Investigation of Rotating Vortex Rope formation during load variation in a Francis turbine draft tube

Abstract

Rotating Vortex Rope (RVR) has been a matter of focus for years due to the major effects on hydraulic turbine’s efficiency. The exact procedure of RVR formation is still vague. The present research focuses on the dynamics of the RVR formation during the load variation employing transient numerical simulations. Two different geometries including the full geometry and the reduced one, which consists of one stay vane, two guide vanes, one runner blade, one splitter blade and full draft tube, are considered.
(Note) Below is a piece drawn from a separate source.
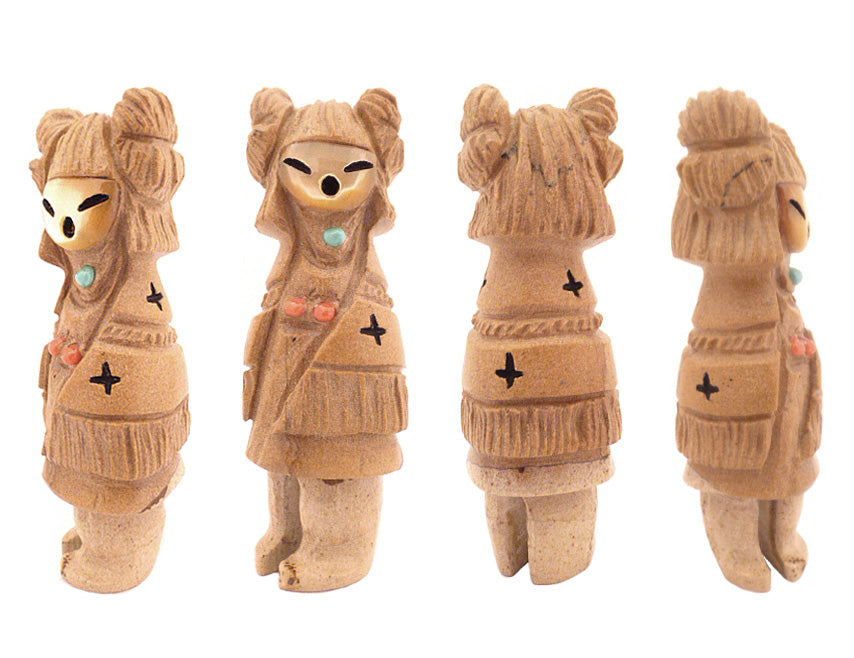 Picture Jasper Maiden by Kateri Sanchez - Zuni Fetish Sunshine Studio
In order to capture the transient swirling flow features inside the draft tube, the Shear Stress Transport-Scale Adaptive Simulation (SST-SAS) model is utilized to approximate the turbulent stresses. The pressure results inside the draft tube agree well with the experimental measurements. Moreover, the velocity results show the central low-axial-velocity and high-tangential-velocity region in the draft tube properly. The flow structure is visualized using λ2 criterion. The dynamic of RVR and the physics behind the RVR formation are investigated during the load variation. The results indicate four flow regimes with different characteristics during RVR formation. The first flow regime is a stable swirling structure occurring at Best Efficiency Point (BEP). The second flow regime occurs at the beginning of the load variation where signs of flow instabilities appear. These instabilities are temporary and washed down by the upstream flow. Expanding the instabilities and creating the vortical structures in the draft tube are the important flow features in the third flow regime. The fourth flow regime is the presence of a developed rotating rope occurring at the Part Load (PL) condition. The flow regimes differ according to the size and shape of the stalled region during load rejection inside the draft tube cone. They also reveal that despite some shortcomings, the reduced model is reliable to simulate the RVR transient formation. The full geometry simulations could be also applicable for practical problems provided that the modified time step is slightly greater than the main blade rotational angle is used.